Pilkada DKI Jakarta 2017 masih menghitung bilangan bulan. Namun, sejumlah politikus yang digadang-gadang akan maju menjadi calon gubernur dan wakil gubernur mulai ramai diperbincangkan. Basuki Tjahaja Purnama (Ahok), Gubernur DKI Jakarta yang saat ini tengah menarik dukungan lewat TEMAN AHOK pun tak luput dari sorotan media. Namanya berkali-kali menjadi buah bibir karena sering terlibat konflik dengan berbagai pihak.
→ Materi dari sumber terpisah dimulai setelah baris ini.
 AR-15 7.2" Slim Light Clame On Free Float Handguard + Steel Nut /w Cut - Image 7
Mulai dari perdebatan panjang dengan DPRD soal dana siluman APBD, kisruh pembongkaran lahan Kalijodo, kisruh pembelian lahan Bumi Waras, sampai kasus reklamasi yang akhirnya ikut menyeret namanya.
Untuk kasus reklamasi, nama Ahok mulai terseret sejak M Sanusi, anggota DPRD DKI Jakarta ditangkap oleh Komisi Pemberantasan Korupsi (KPK), Kamis (31/3). Anggota Partai Politik Gerindra itu diduga menerima suap berupa uang tunai sebesar Rp 1,1 miliar dari Ariesman Widjaja, Presiden Direktur PT Agung Podomoro Land (APL). Suap tersebut berkaitan dengan Rancangan Peraturan Daerah (Raperda) Rencana Zonasi Wilayah Pesisir dan Pulau-Pulau Kecil Provinsi DKI Jakarta 2015-2035 dan Raperda Rencana Tata Ruang Kawasan Strategis Pantai Utara Jakarta.
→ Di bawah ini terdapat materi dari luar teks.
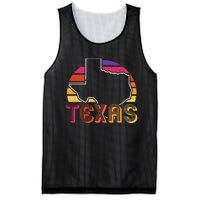 Texas State Country Retro Vintage Mesh Reversible Basketball Jersey Tank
Salah satu sumber (kompasiana.com/sucihistiraludin) menyebutkan bahwa reklamasi bukanlah hal baru karena telah berlangsung sejak zaman Presiden Soeharto. Di Jakarta sendiri, reklamasi sudah dilakukan sejak tahun 1980-an oleh PT Harapan Indah, yang saat itu melakukan reklamasi di kawasan Pantai Pluit untuk permukiman mewah Pantai Mutiara. Lalu, sekitar tahun 1981, PT Pembangunan Jaya juga melakukan reklamasi kawasan Ancol sisi utara untuk kawasan industri dan rekreasi.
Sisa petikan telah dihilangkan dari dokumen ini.